Ensuite, à propos de tiers, prévenir les amis. Il faudrait bien en passer par là, pour éviter que se reproduisent les clowneries de Serge et Véronique. Le juste dosage de fermeté et de discrétion serait difficile à trouver. Il ne fallait pas trop les alarmer, de façon qu'Agnès ne se sente pas traitée en malade, mais aussi leur faire saisir la gravité de la situation. Les contacter tous, y compris ses amis à elle, ses relations de travail et, autant que possible, les écarter. Atroce, vraiment, de téléphoner dans son dos, mais il n'avait pas le choix.

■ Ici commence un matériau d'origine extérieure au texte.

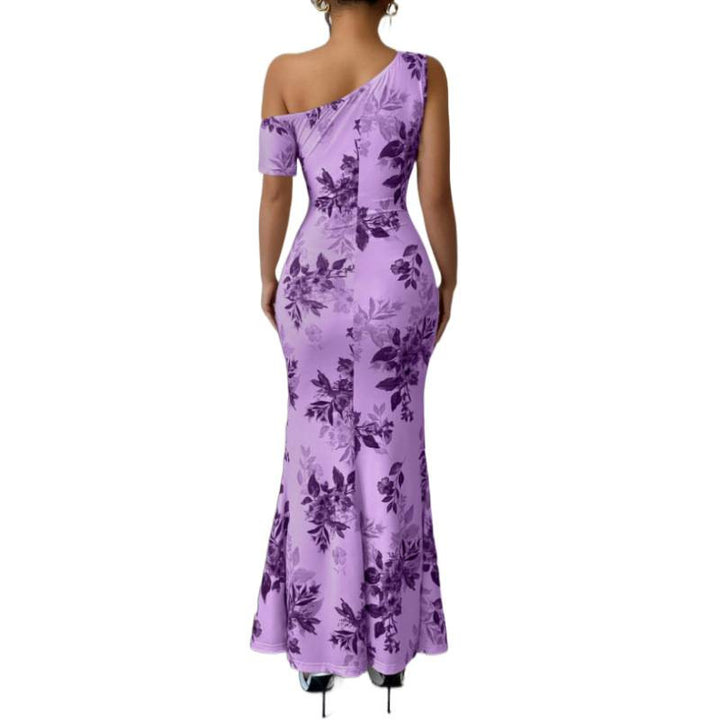 Damen Maxikleid mit asymmetrischem Ausschnitt und floralen Mustern Drune
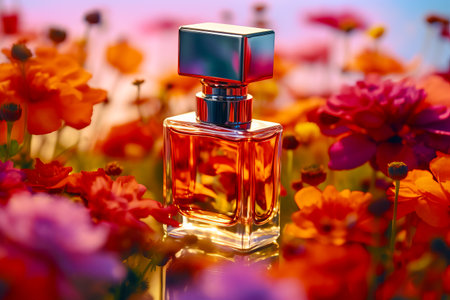 Close up of a bottle of perfume in a field of colorful flowers. Generative AI.の素材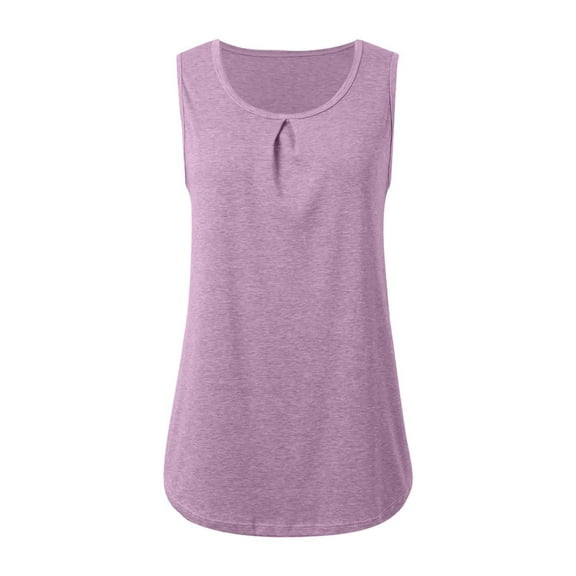 MIXUE Boho Tops For Women Summer Solid Color Round Neck Sleeveless Sports Loose Vest Pullover Shirts For Women Tshirts Activewear,Purple,XL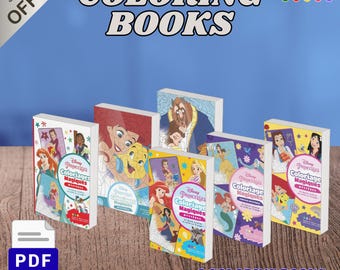 Puede incluir: Una colección de seis libros de colorear por números de las Princesas Disney con varios personajes en las portadas. Los libros se muestran juntos, cada uno con ilustraciones coloridas y el texto Coloriages Magiques Mystères.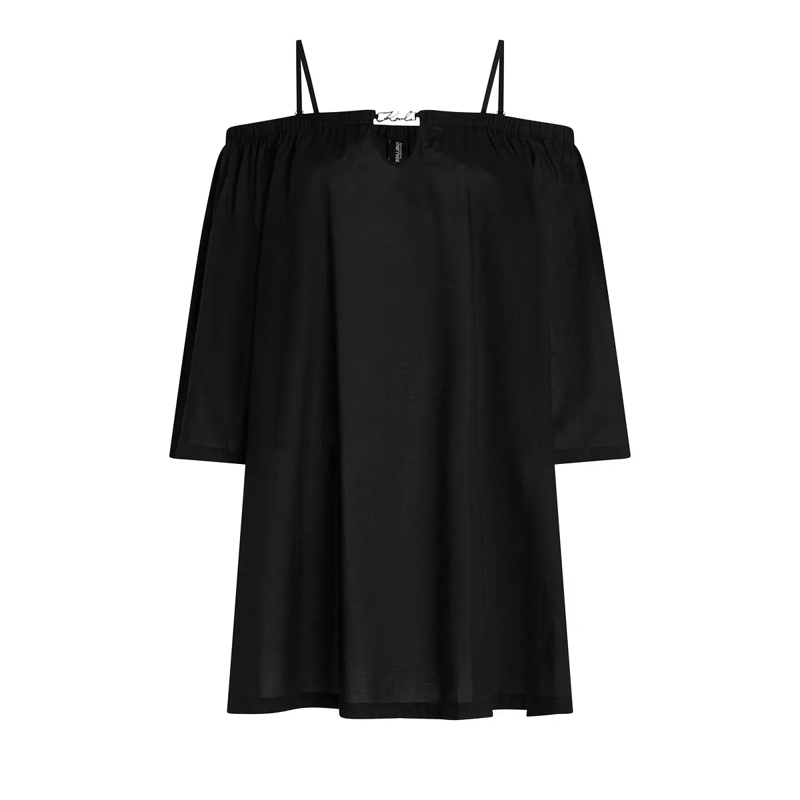 Karl Lagerfeld Kleid K/SIGNATURE SCHULTERFREIES STRANDKLEID schwarz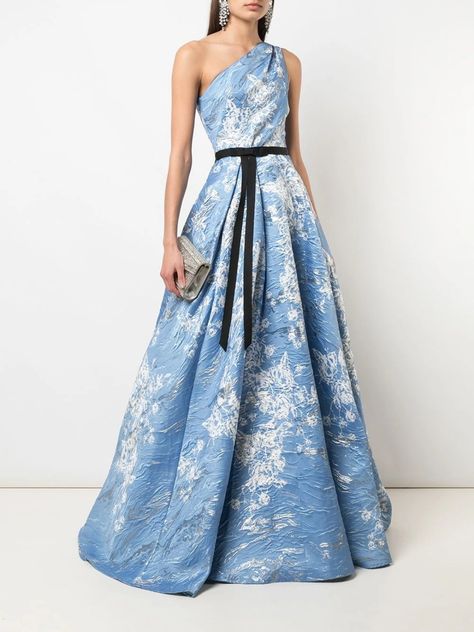 Haute Couture, Couture, Jacquard Gown, Embroidered Cocktail Dress, Organza Gowns, Gown Skirt, Sherri Hill Dresses, Blue Gown, Pageant Gowns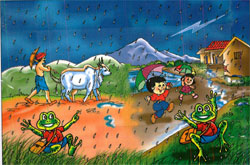 Device Of Cows, Man, Frog And Girls Device mark 3083772 Trademark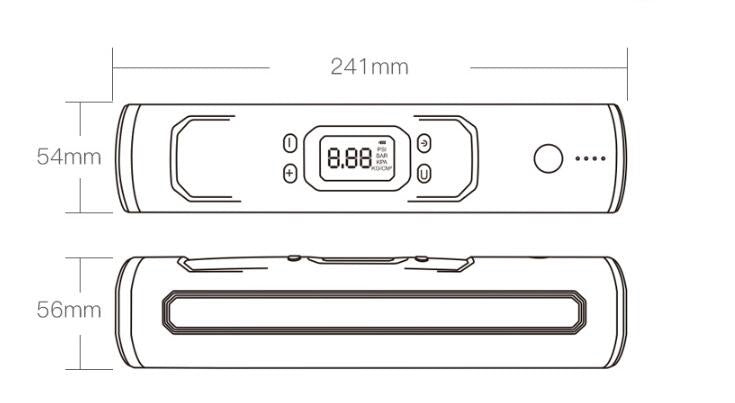 Technical drawing of a device with dimensions labeled
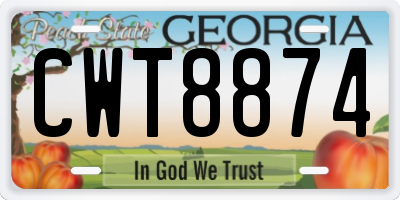 GA license plate CWT8874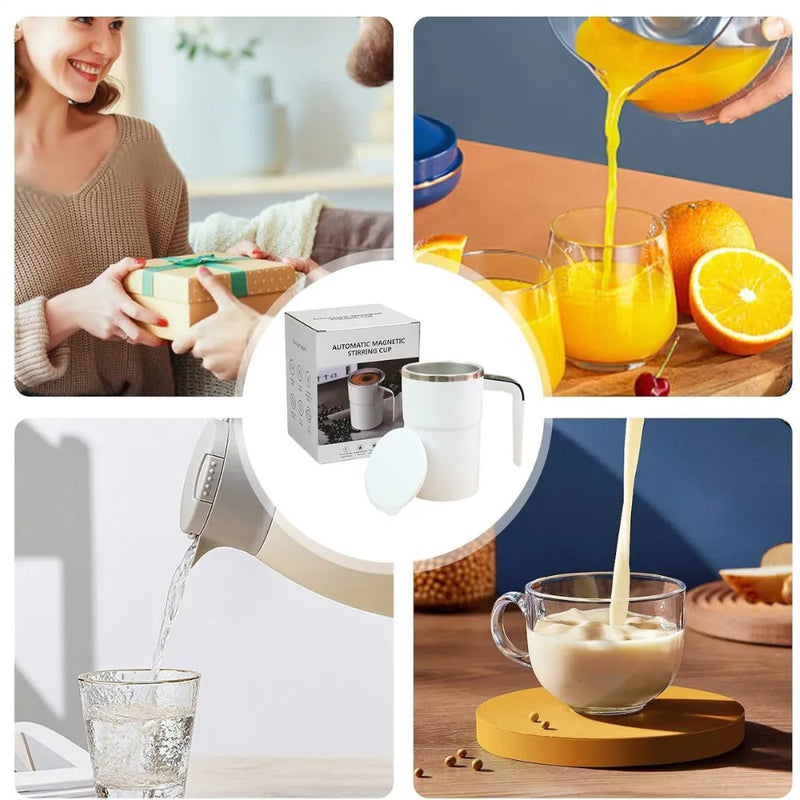 Auto Stir Rechargeable Magnetic Mixing Cup with LCD Display & USB-C Charging for Coffee, Tea, and Drinks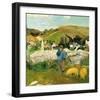 Peasants, Pigs and a Village under the Clear Sky in Brittany, France-Paul Gauguin-Framed Giclee Print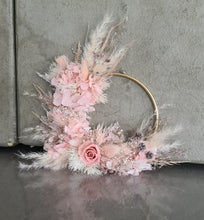 Load image into Gallery viewer, Blush Dusty pink everlasting flowers cake hoop topper - 5 inch
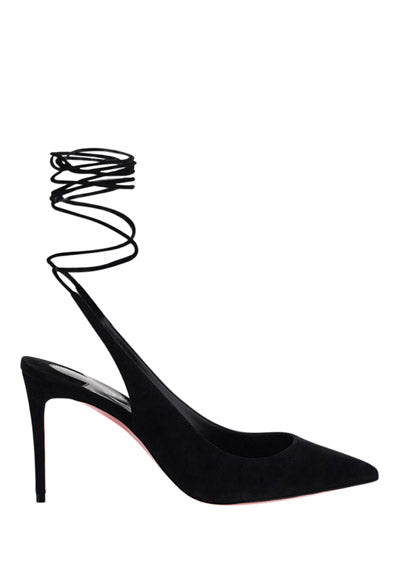 Lace-Up Kate Suede 85 Pumps - Black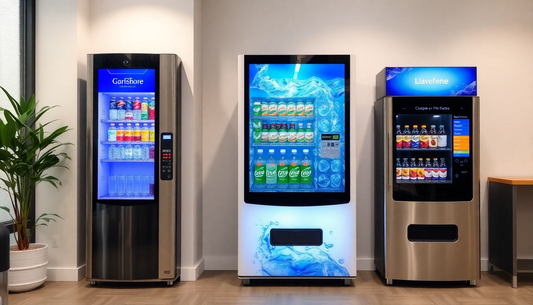 Modern water dispenser and beverage vending machines in office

Quant à lui, mieux valait qu'au moins dans l'immédiat il feigne de se ranger à ses vues pour éviter de nouveaux conflits, une catastrophe peut-être. Il allait rentrer immédiatement, l'emmener dîner dehors, comme si de rien n'était, ne plus parler de moustache et, si elle en parlait, convenir qu'il avait eu une hallucination, que c'était passé. Temporiser, apaiser. Pas trop, quand même: qu'elle n'en conclue pas que la visite au psychiatre n'était plus nécessaire. Il insisterait pour aller se faire soigner, lui, en banalisant la chose, encore qu'une visite chez un psychiatre soit plutôt difficile à banaliser. Il lui demanderait de l'accompagner, c'était presque normal, elle ne soupçonnerait rien. Ou bien elle comprendrait qu'il avait compris. Il faudrait probablement attendre lundi, mais lundi, oui, à la première heure.